§ **About this exercise**
Transcribe the records exactly. Pictures do not belong in the transcription.

§ **Information supplied**
□ □ □ □ □
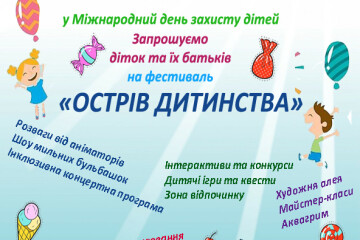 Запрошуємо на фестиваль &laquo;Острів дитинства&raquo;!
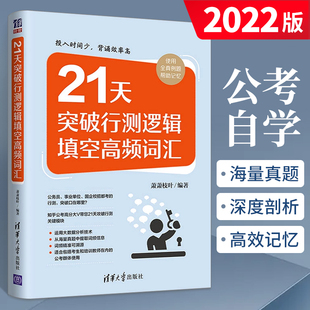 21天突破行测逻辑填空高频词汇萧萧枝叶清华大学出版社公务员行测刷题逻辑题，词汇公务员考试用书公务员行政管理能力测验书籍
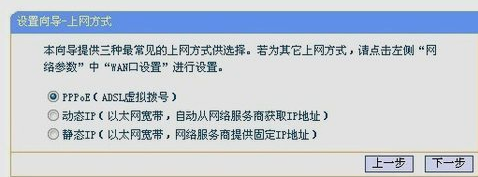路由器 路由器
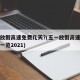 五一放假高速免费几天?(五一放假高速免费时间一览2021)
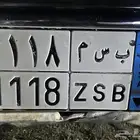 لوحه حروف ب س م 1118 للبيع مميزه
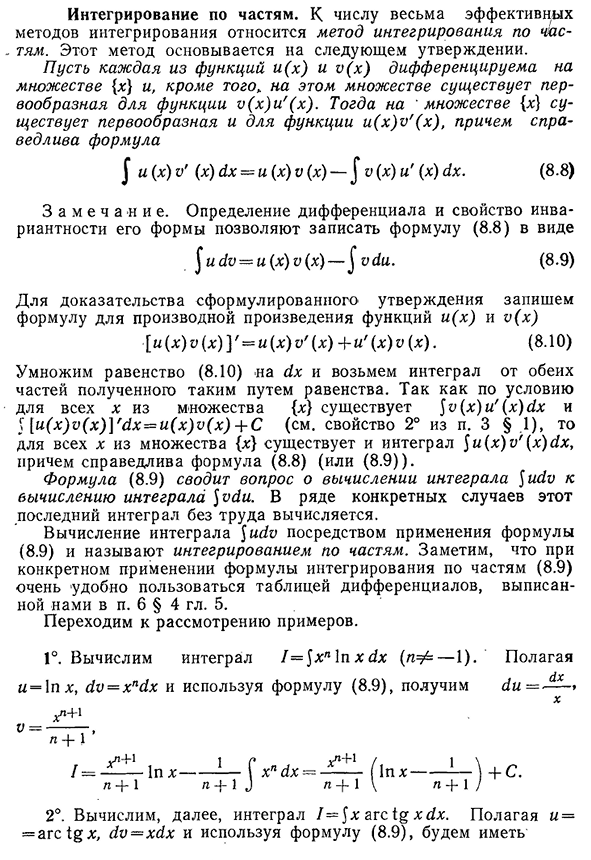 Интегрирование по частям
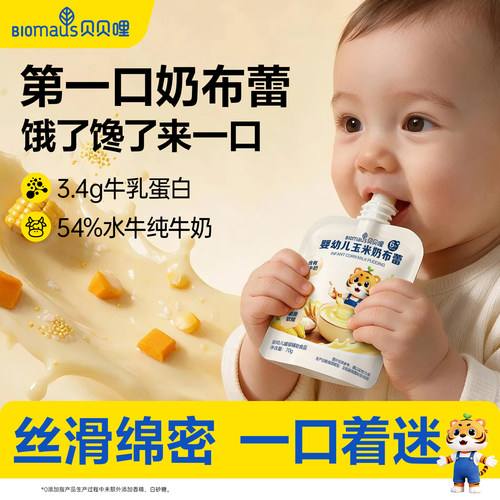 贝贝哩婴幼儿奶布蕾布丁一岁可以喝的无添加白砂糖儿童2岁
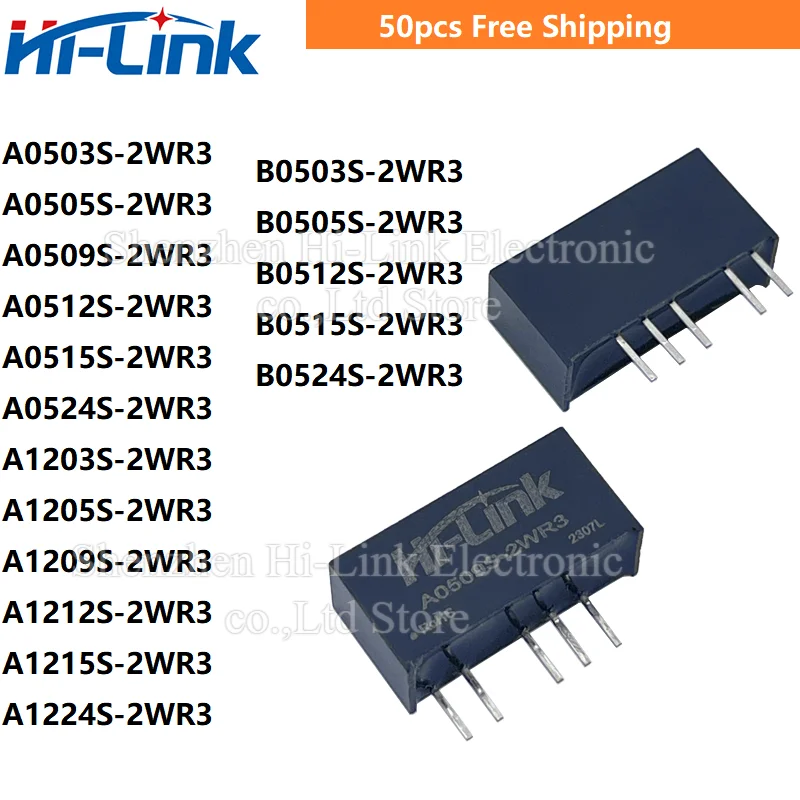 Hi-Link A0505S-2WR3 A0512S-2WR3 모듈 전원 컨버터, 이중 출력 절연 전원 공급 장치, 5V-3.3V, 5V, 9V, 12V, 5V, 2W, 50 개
□ □ □ □ □
§ **Problem solution**
 Запрошуємо на фестиваль &laquo;Острів дитинства&raquo;!
 21天突破行测逻辑填空高频词汇萧萧枝叶清华大学出版社公务员行测刷题逻辑题，词汇公务员考试用书公务员行政管理能力测验书籍
路由器 路由器
 五一放假高速免费几天?(五一放假高速免费时间一览2021)
 لوحه حروف ب س م 1118 للبيع مميزه
 Интегрирование по частям
 贝贝哩婴幼儿奶布蕾布丁一岁可以喝的无添加白砂糖儿童2岁
 Hi-Link A0505S-2WR3 A0512S-2WR3 모듈 전원 컨버터, 이중 출력 절연 전원 공급 장치, 5V-3.3V, 5V, 9V, 12V, 5V, 2W, 50 개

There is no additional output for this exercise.